───── Data for review

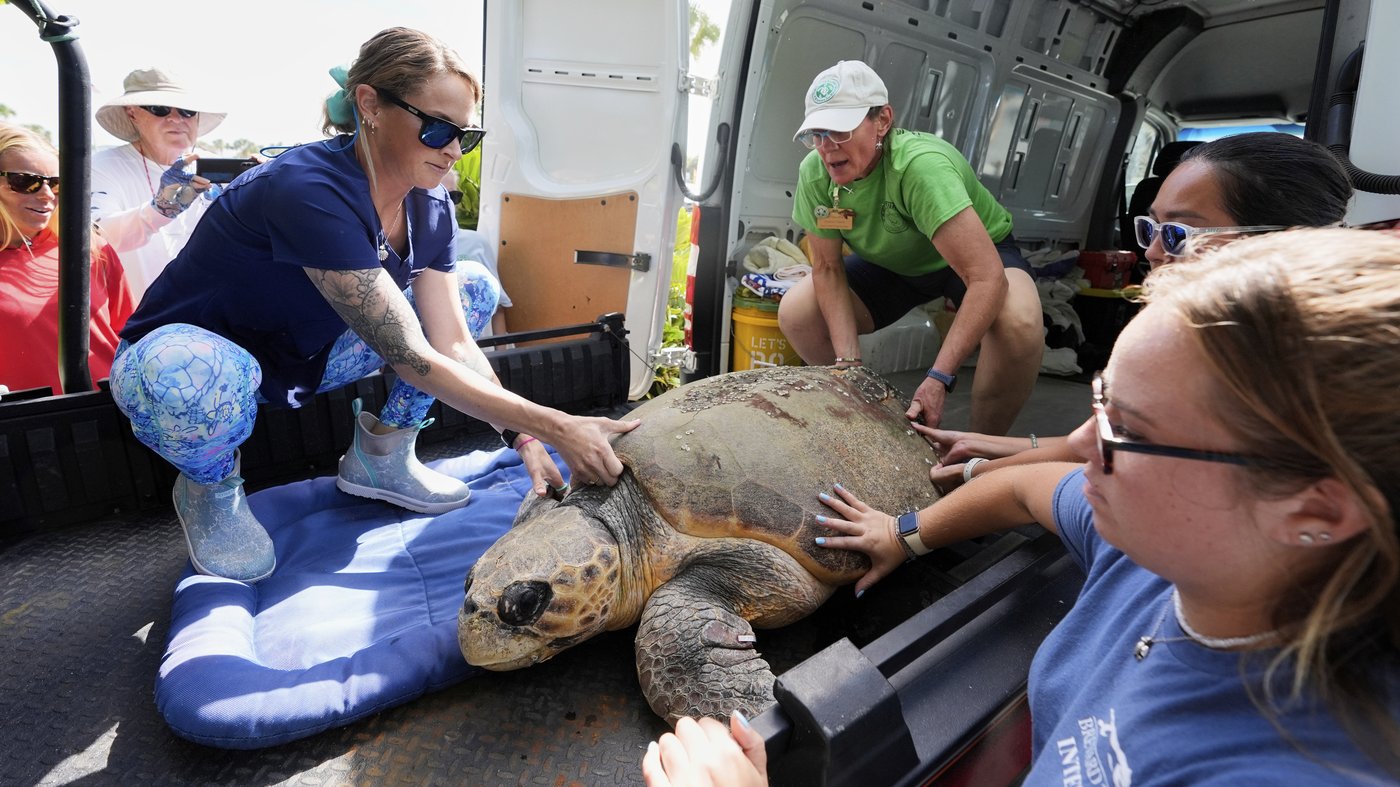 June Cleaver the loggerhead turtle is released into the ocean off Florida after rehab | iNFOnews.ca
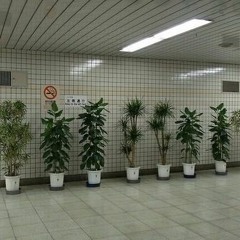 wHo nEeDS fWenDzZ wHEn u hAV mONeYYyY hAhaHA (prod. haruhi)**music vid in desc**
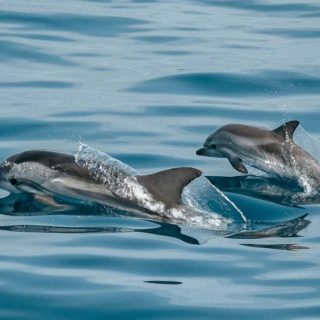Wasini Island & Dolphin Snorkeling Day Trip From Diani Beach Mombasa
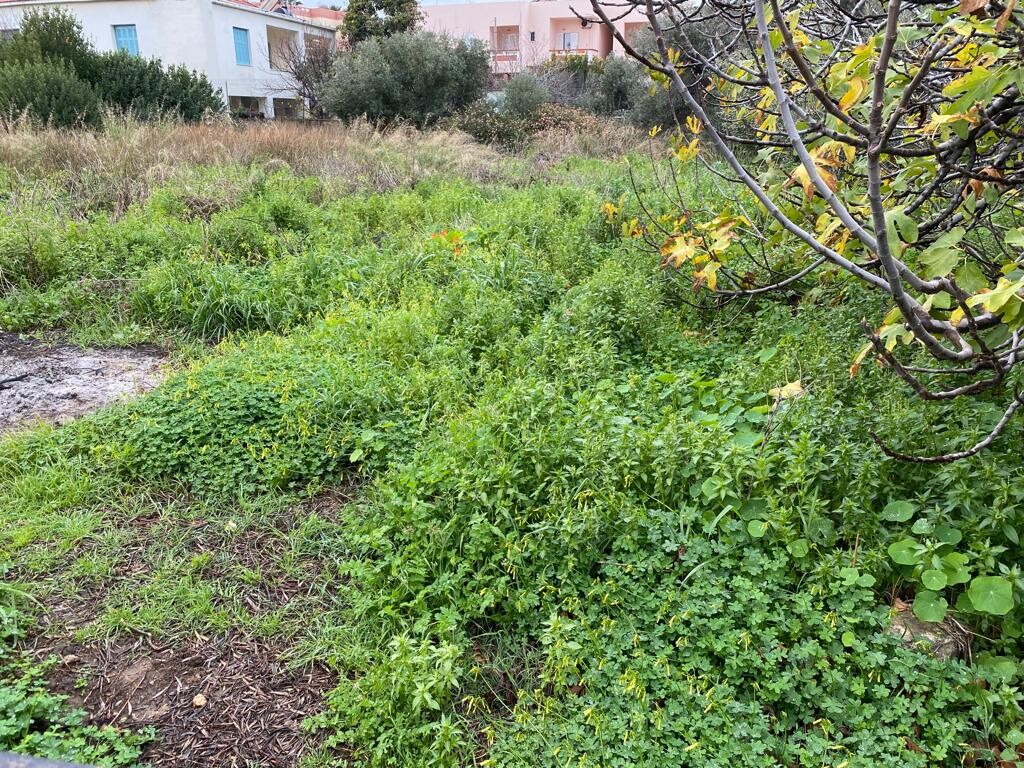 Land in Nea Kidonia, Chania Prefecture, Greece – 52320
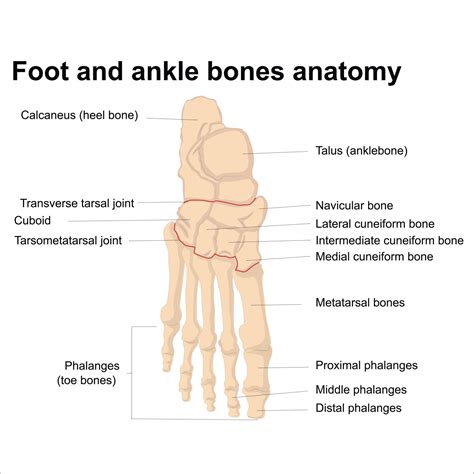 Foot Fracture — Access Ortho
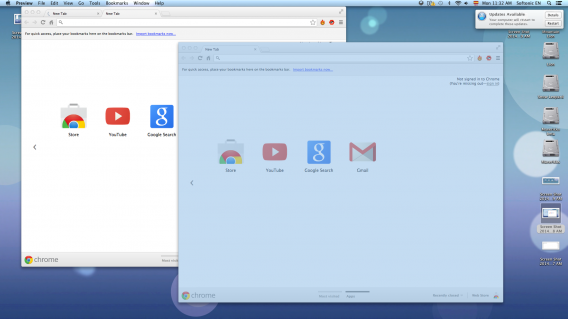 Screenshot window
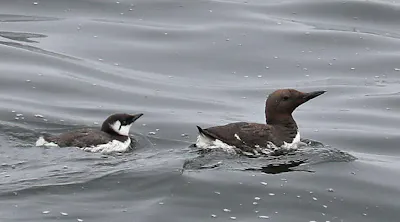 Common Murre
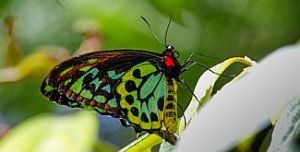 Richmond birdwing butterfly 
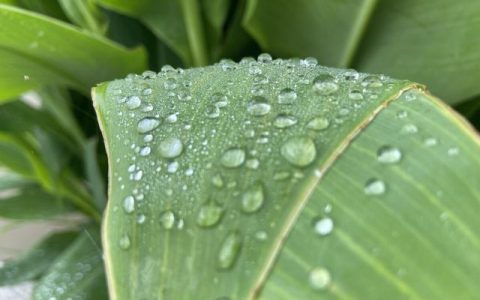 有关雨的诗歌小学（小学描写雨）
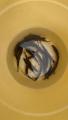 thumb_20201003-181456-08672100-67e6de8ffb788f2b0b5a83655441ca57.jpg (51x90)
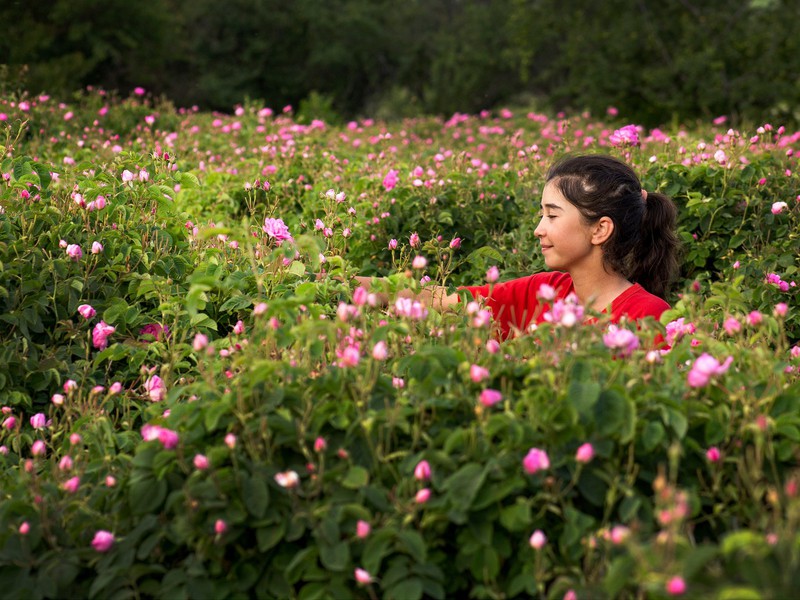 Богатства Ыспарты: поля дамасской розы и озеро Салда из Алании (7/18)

──────────
───── Data for review

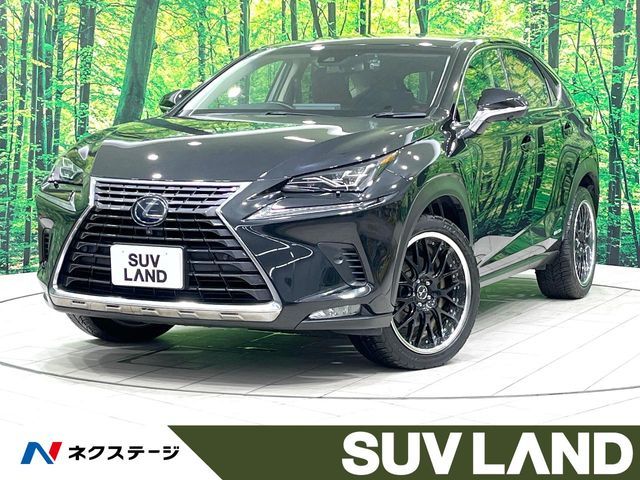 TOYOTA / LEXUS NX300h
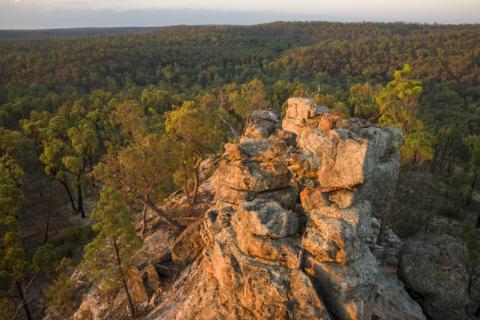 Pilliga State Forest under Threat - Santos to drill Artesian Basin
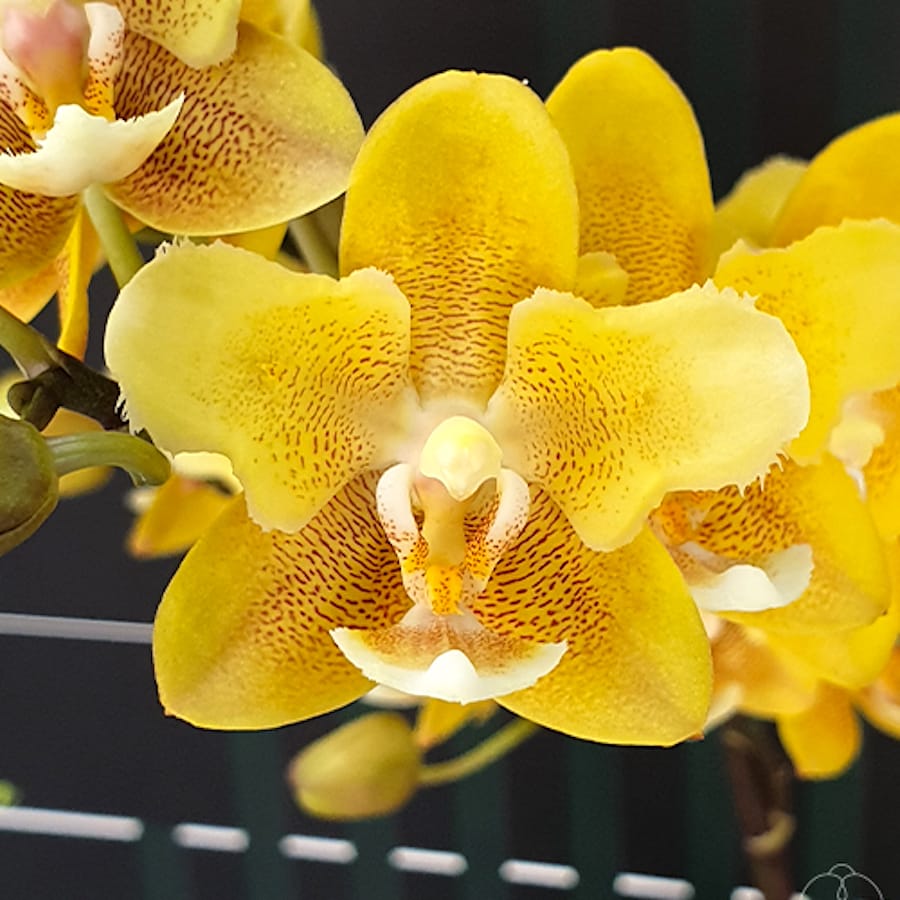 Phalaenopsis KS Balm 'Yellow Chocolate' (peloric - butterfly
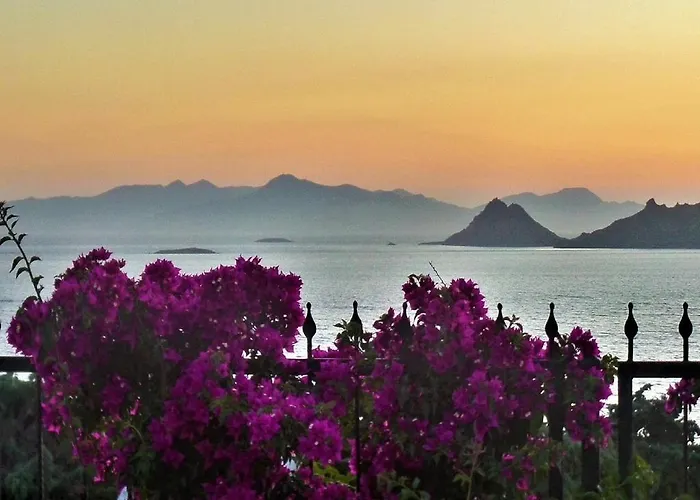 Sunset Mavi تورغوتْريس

──────────

== What needs to be done ==
Please output the lines above beginning at the line with "Richmond birdwing butterfly" and ending after the line with "Богатства Ыспарты: поля", precisely as written and with no pictures.

== Reply to the task ==
 Richmond birdwing butterfly 
 有关雨的诗歌小学（小学描写雨）
 thumb_20201003-181456-08672100-67e6de8ffb788f2b0b5a83655441ca57.jpg (51x90)
 Богатства Ыспарты: поля дамасской розы и озеро Салда из Алании (7/18)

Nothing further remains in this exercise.